→ **WORK INSTRUCTIONS**:
Copy the data that appears below exactly. Drop the pictures.

→ **DATASET CONTENT**:
· · · · · · ·

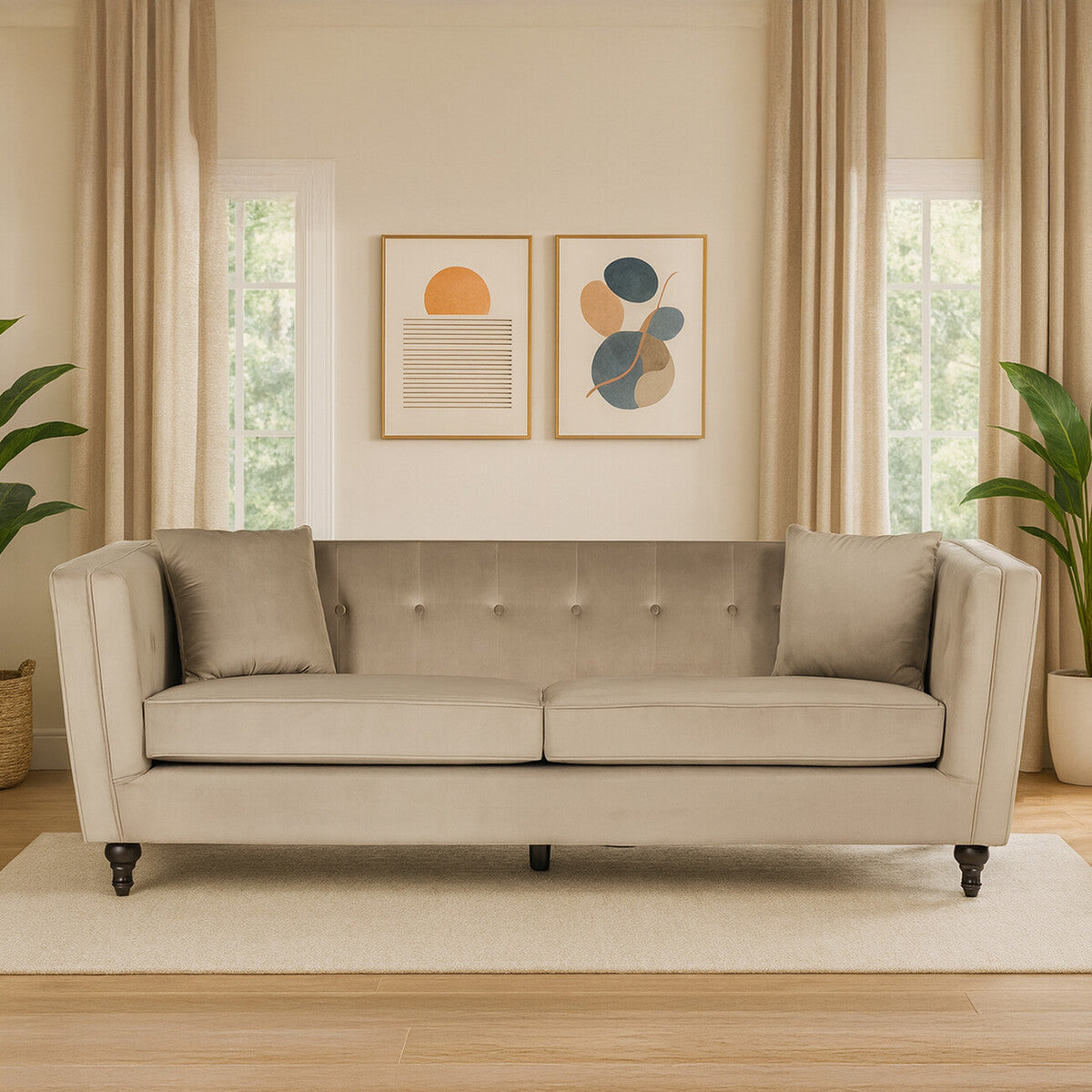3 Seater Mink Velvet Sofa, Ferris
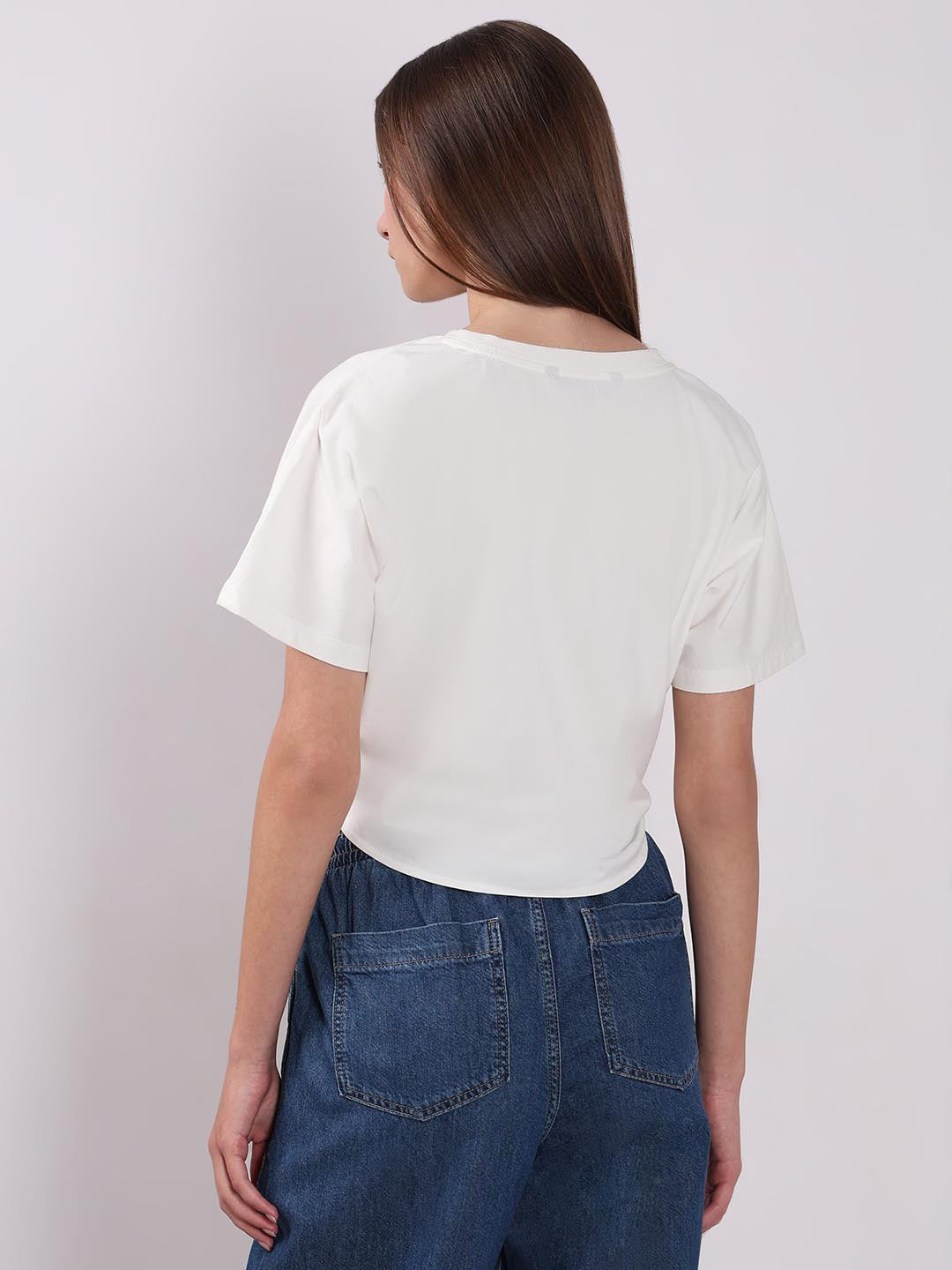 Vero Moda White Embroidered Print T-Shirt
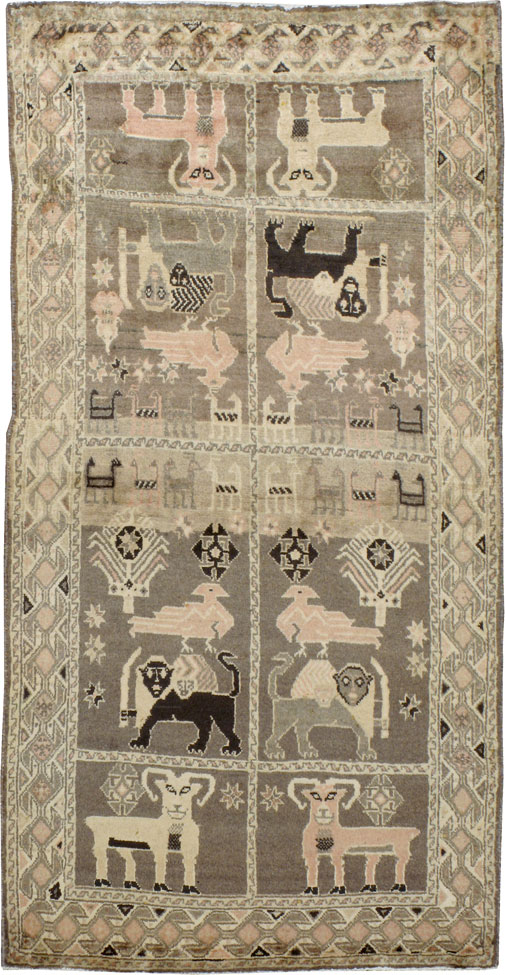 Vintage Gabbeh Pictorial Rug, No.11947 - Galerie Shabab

· · · · · · ·

→ **RESPONSE**:
3 Seater Mink Velvet Sofa, Ferris
 Vero Moda White Embroidered Print T-Shirt
 Vintage Gabbeh Pictorial Rug, No.11947 - Galerie Shabab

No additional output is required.